I heard it gets rid of HD lite


----------



## JoeSchueller (Jun 16, 2004)

Seminole said:


> I heard it gets rid of HD lite


Yes by making it SD Lite.


----------



## chris_h (Dec 17, 2003)

SPS-49S makes my SF 49ers rebuilding decade come to and end, and makes them watchable again... 6.3a returns the 49ers to their normal "function"


----------



## ACE101 (Apr 4, 2002)

Here's what I've heard so far.

Loading 6.3a will:
- At system startup, you are forced to watch the entire movie The Blue Lagoon
- Any time Natalie Portman is viewed on screen, she will be undressed
- When there is a system crash or reboot, the Simpsons character Nelson will be heard to say, "Hah hah"
- If you give thumbs up to the TV show "Survivor", you will be put on a "list" which may cause you to be searched when going through airport security
- Whenever David Letterman's hair is viewed, it will be replaced by a live raccoon in real time
- Whenever viewing Tom Cruise, his face will be replaced by the Southpark character Cartman's face, in real time
- Whenever viewing Janet Jackson, additional pasties will be placed over both her breasts, just in case, in real time


----------



## Leila (Apr 28, 2006)

I believe I'm seeing subliminal messages on my HD DirecTivo after it got updated with 6.3..... the messages are accompanies by bright flashes and pictures of the HR20-700....


----------



## Bananfish (May 16, 2002)

ACE101 said:


> Here's what I've heard so far.
> 
> Loading 6.3a will:
> [CHOMP]
> - Whenever David Letterman's hair is viewed, it will be replaced by a live raccoon in real time


How will anybody be able to tell?


----------



## Dirac (Oct 18, 2002)

The "Window" button brings up picture-in-picture. You obviously need an SD-TiVo remote for this.


----------



## generalpatton71 (Oct 30, 2002)

In 6.3 Jason Lee no longer plays Earl in "My name is Earl", but is instead played by Earl Bonovich as himself. It's also learned Direct TV is number one on his list, because he accidentally caused the switch to the NDS DVR's.


----------



## slacker9876 (Sep 1, 2004)

ebonovic said:


> The TiVo 6.3a update was written so that it can also run on the HR20 hardware...


 Plain shameful Earl ....


----------



## JLWINE (Jun 18, 2002)

I just discovered after my 6.3 update that if you replace your access card with your ATM card, the unit will dispense cash. Pretty cool!!!!!


----------



## JoeSchueller (Jun 16, 2004)

Wait until you see the interest D* charges on cash advances.


----------



## ebonovic (Jul 24, 2001)

generalpatton71 said:


> In 6.3 Jason Lee no longer plays Earl in "My name is Earl", but is instead played by Earl Bonovich as himself. It's also learned Direct TV is number one on his list, because he accidentally caused the switch to the NDS DVR's.
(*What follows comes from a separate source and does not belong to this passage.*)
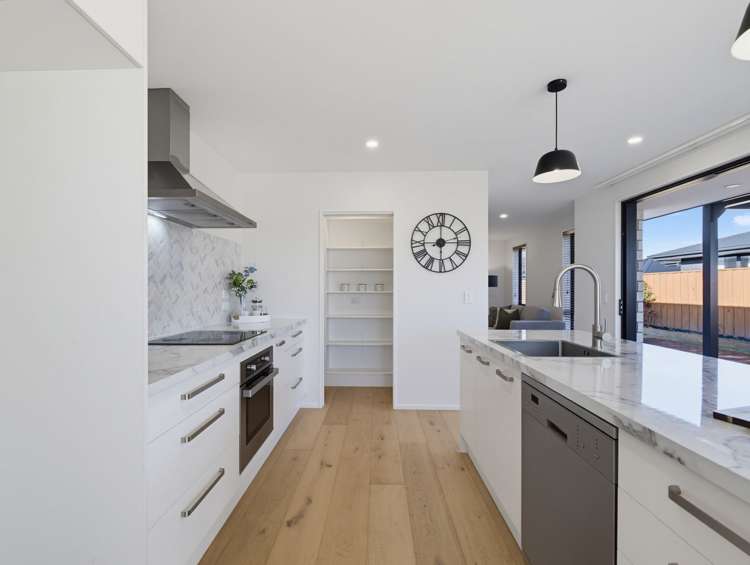 52 Ridgeway Avenue Rolleston_5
That is just cold...... cold dude... cold....


----------



## willardcpa (Feb 23, 2001)

"#243 on my list, told everybody they'd have 6.3 by Sept 11th, and if they didn't I'd go into self-imposed exile. Well, they didn't and I didn't"


----------



## tall1 (Oct 12, 2004)

Adds an obnoxious logo to every national HD channel that reads: MyHD-Lite


----------



## Rowsdower (Dec 11, 2002)

6.3 includes multi-room viewing, digital music/image streaming, and TiVoToGo!

Nah, that's too far-fetched.


----------



## kbohip (Dec 30, 2003)

6.3a is just 6.3....only with an "a" on the end.


----------



## tbh999 (Aug 29, 2001)

Automatic soft padding was added to the 6.3a release. However, fast forward now only work in the shows and has been disable during commercials.


----------



## mgoddard1 (Jun 2, 2004)

6.3a includes a new mpeg4 software decoder for the new HD channels. And of course that implies they included a software based Ka band transciever that works with the new 5lnb dish


----------



## Yog-Sothoth (Jun 14, 2005)

Gives you the choice of losing either 

a) TNT-HD or 

b) 50 of your favorite channels (combined)

on Sunday to make room for the NFL Sunday Ticket in HD.


----------



## JLWINE (Jun 18, 2002)

Yog-Sothoth said:


> Gives you the choice of losing either
> 
> a) TNT-HD or
> 
> ...


No,no. This feature is available in all software versions.


----------